▶ **Goal of the exercise**: Output a faithful copy of the entries, every picture removed.

Records excerpted from a collection:
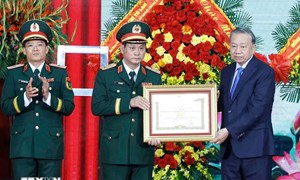 Tổng Bí thư, Chủ tịch nước Tô Lâm: Quân khu 5 phải phát huy vai trò nòng cốt trong xây dựng nền quốc phòng toàn dân 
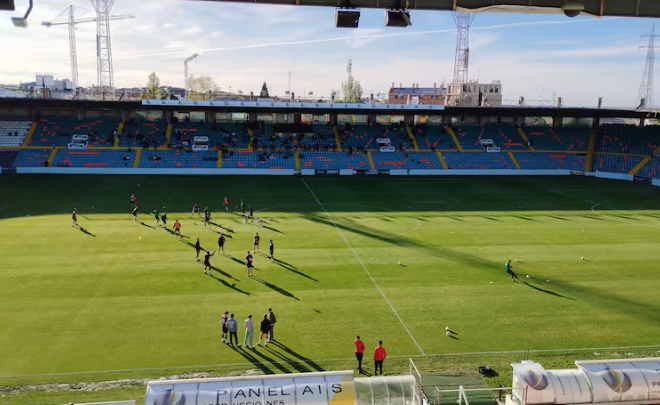 Sin licencia ni mejoras: el estadio Helmántico reabre entre críticas y deficiencias acumuladas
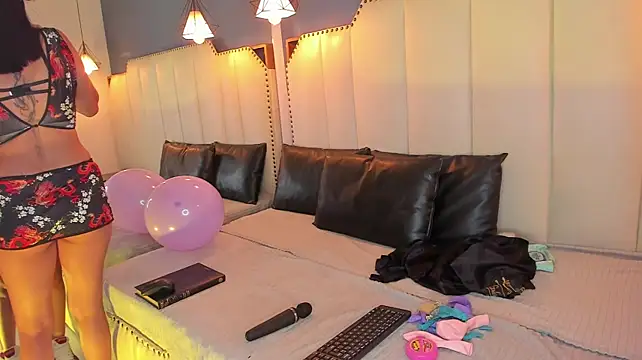 MiaKarssonn Live XXX chat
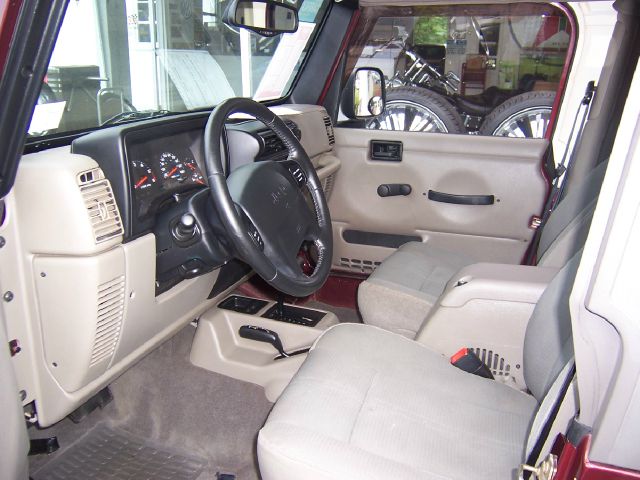 Jeep Wrangler Unlimited 3.5 SE SUV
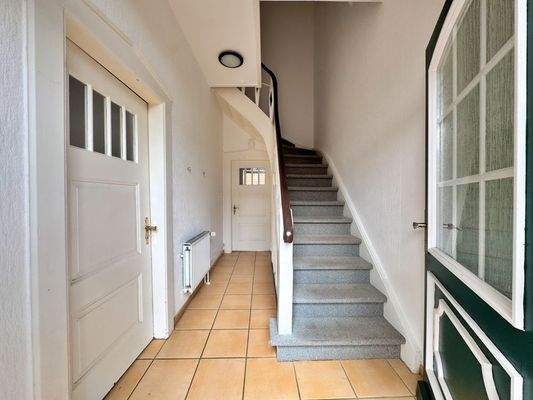 Eingangsbereich linke Hausseite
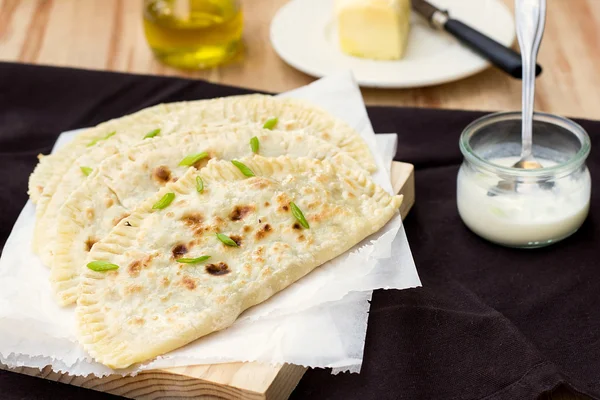 Tatar etli börek kıyma ve peynir ile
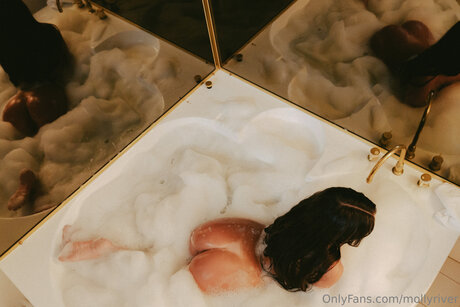 Mollyriver スター 裸 写真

▶ **Written response**:
 Tổng Bí thư, Chủ tịch nước Tô Lâm: Quân khu 5 phải phát huy vai trò nòng cốt trong xây dựng nền quốc phòng toàn dân 
 Sin licencia ni mejoras: el estadio Helmántico reabre entre críticas y deficiencias acumuladas
 MiaKarssonn Live XXX chat
 Jeep Wrangler Unlimited 3.5 SE SUV
 Eingangsbereich linke Hausseite
 Tatar etli börek kıyma ve peynir ile
 Mollyriver スター 裸 写真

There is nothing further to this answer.